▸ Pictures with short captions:
BEGIN
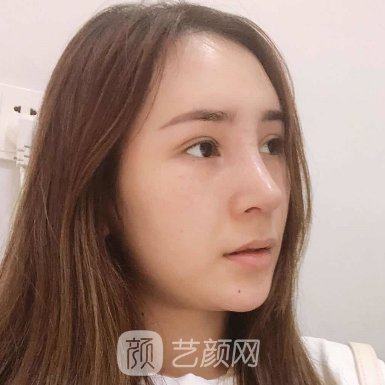 义乌艺星医疗美容医院怎么样?全新双眼皮体验实例发布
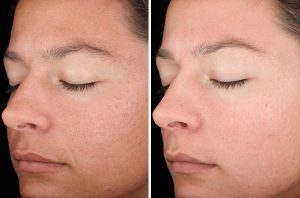 Skin Resurfacing case #4717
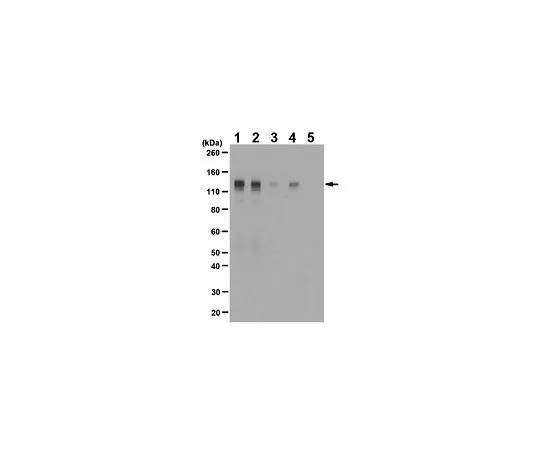 62-8383-48　抗磷FGFR-1 (Tyr653/Tyr654);100μg　06-1433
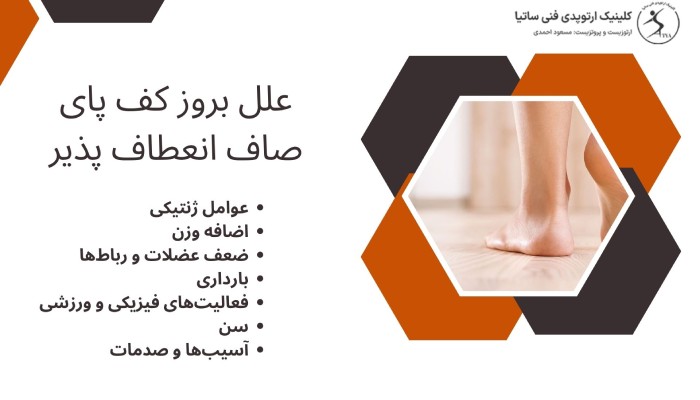 علل کف پای صاف انعطاف پذیر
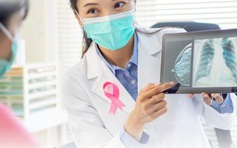 Alo bác sĩ nghe: Có phải còn trẻ thì không mắc ung thư vú?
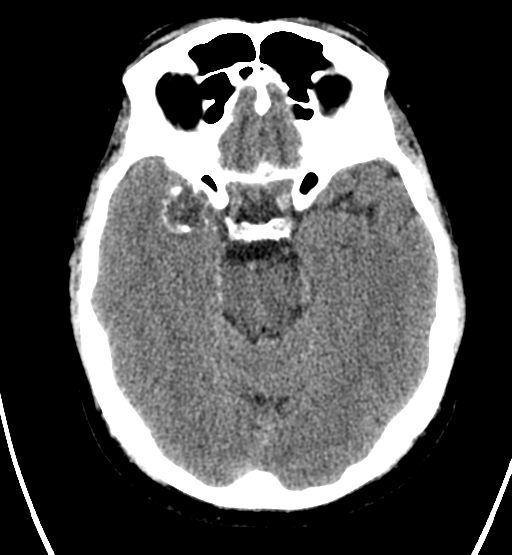 File:Chondrosarcoma of skull base- grade II (Radiopaedia 40948-43653 Axial non-contrast 11).png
END
▸ Exercise aim:
Lines before the one containing "Skin Resurfacing case #4717" are not wanted; write out that line and every later line through the end of the data above, exactly, without pictures.

▸ Answer section:
 Skin Resurfacing case #4717
 62-8383-48　抗磷FGFR-1 (Tyr653/Tyr654);100μg　06-1433
 علل کف پای صاف انعطاف پذیر
 Alo bác sĩ nghe: Có phải còn trẻ thì không mắc ung thư vú?
 File:Chondrosarcoma of skull base- grade II (Radiopaedia 40948-43653 Axial non-contrast 11).png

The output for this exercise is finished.